Of course, the Bible does not contain the direct commandment, "Thou shalt not have an abortion." But based on passages like Psalm 139:14-16, Jeremiah 1:4-5, Amos 1:13 and others, ancient Jews and Christians believed it was clear that God cared for the unborn and regarded abortion as a sin.

Some may be surprised to learn that abortion existed more than 2,000 years ago, with surgical and chemical abortions performed in pagan cultures hundreds of years before Christ's birth. The Greeks were among the first Ancient Near Eastern people to permit abortion, with Plato arguing in "The Republic" that pregnant women over 40 should be required to have abortions.

In contrast to pagan cultures, Judaism emphasized the value of unborn and pre-born life dating back at least to the time of Moses, when God's people protected infant males from being slaughtered at birth as Pharaoh ordered (Exodus 1:15-21). In fact, some scholars believe Pharaoh's command to kill Hebrew boys "on the birthstool" (Exodus 1:16) was actually a command to commit partial birth abortion, with "birth stool" functioning as a Hebrew euphemism for "birth canal."
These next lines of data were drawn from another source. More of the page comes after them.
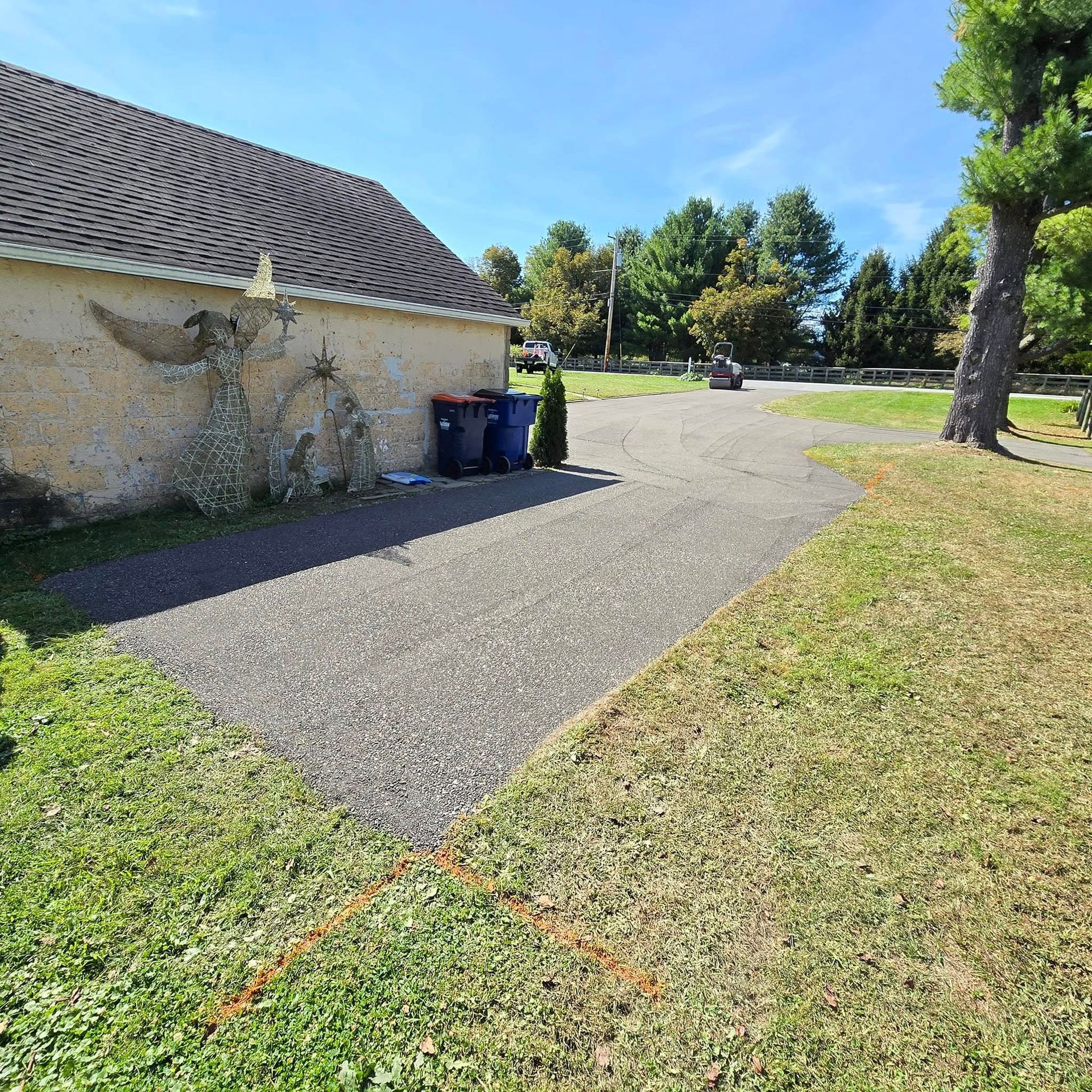 A driveway leading to a house with trash cans on the side of it.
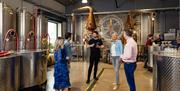 Tour group admire the stills within the Copeland Distillery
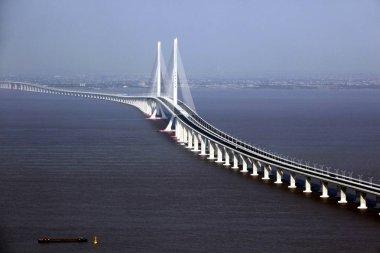 Aerial view of the Shanghai Yangtze River Bridge which links Chongming and Changxing Islands in Shanghai, China, 23 October 2009 clipart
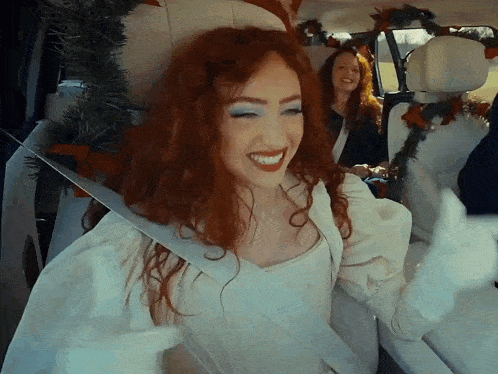 a woman with red hair is smiling while wearing a white dress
Either way, the Jewish culture of life was evident, and the Jews of Jesus' time expressed their anti-abortion convictions. The Jewish work Sentences of Pseudo-Phocylides, written between 50 B.C. and A.D. 50, taught that "a woman should not destroy the unborn in her belly." First Enoch, which was written in the first or second century B.C., said it was evil to "smash the embryo in the womb."

Josephus, a Jewish historian born in A.D. 37, summarized, "The Law orders all offspring to be brought up, and forbids women either to cause abortion or to make away with the fetus."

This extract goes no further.